The Peoples Bank of China has reported that the nation’s foreign reserves plunged in January, dwindling by $99.5 billion.
In an attempt to boost the value of the RMB, China has been deliberately draining its foreign currency holdings. With $3.23 trillion on reserve, China is still by far the biggest foreign currency holder in the world.
The strategy is designed to ease fears in Beijing that investors could rapidly devalue the currency. This fear is illustrated by warnings issued by Beijing recently to notorious currency trader George Soros that any attempt to short-sell the Yuan was doomed to failure.

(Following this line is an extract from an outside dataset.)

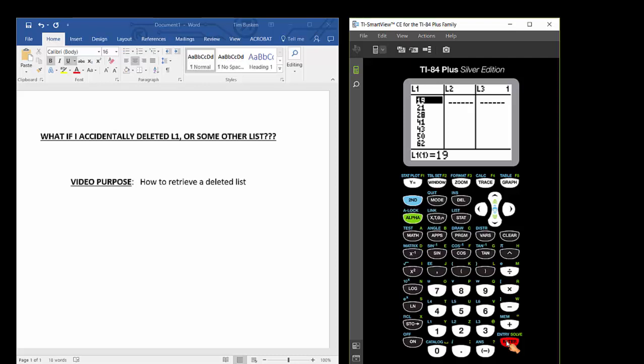When you get the deleted list back, unfortunately if you had data in that list you won't be able to retrieve that data that was in the list. But the good news is you will at least be able to get list 1 back.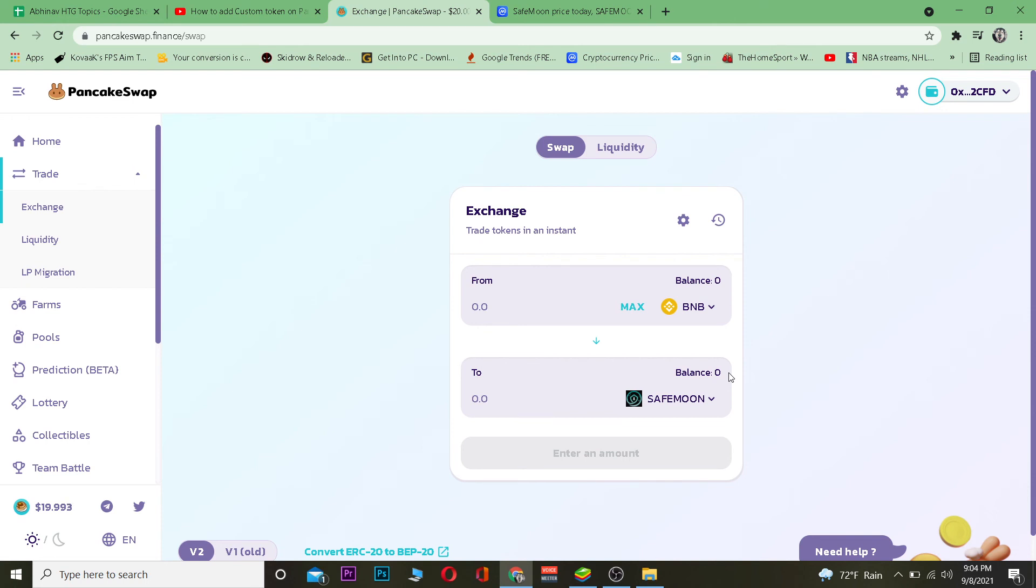After it's added, I can trade in it. That's basically how you can add a custom token, or in another word, custom crypto on PancakeSwap. Hope you were able to understand the video. If you did, be sure to hit that like and subscribe to our YouTube channel. If you have any questions, ask in the comments. I'll see you in my next video. Thanks for watching until the end.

With many Chinese firms holding debt in dollars, any significant devaluation in the Yuan could spark serious trouble and hinder their ability to manage debt. To counter this, the PBoC has been selling dollars and buying Yuan in an attempt to stop it falling too rapidly.
The draining of foreign reserves is part of a multi-pronged approach including banning some foreign banks from participating in Forex trading, and ordering offshore banks to hold their Yuan reserves.
Investors are watching closely to see what Beijing does next. Endless selling of dollars is not a long-term solution and is likely to spark uncertainty and fear rather than ease it, just as implementing a circuit breaker system in the stock market did earlier in the year.
Is the Yuan set for a steep drop in the near future? Possibly. Currency traders keep your eyes on this story!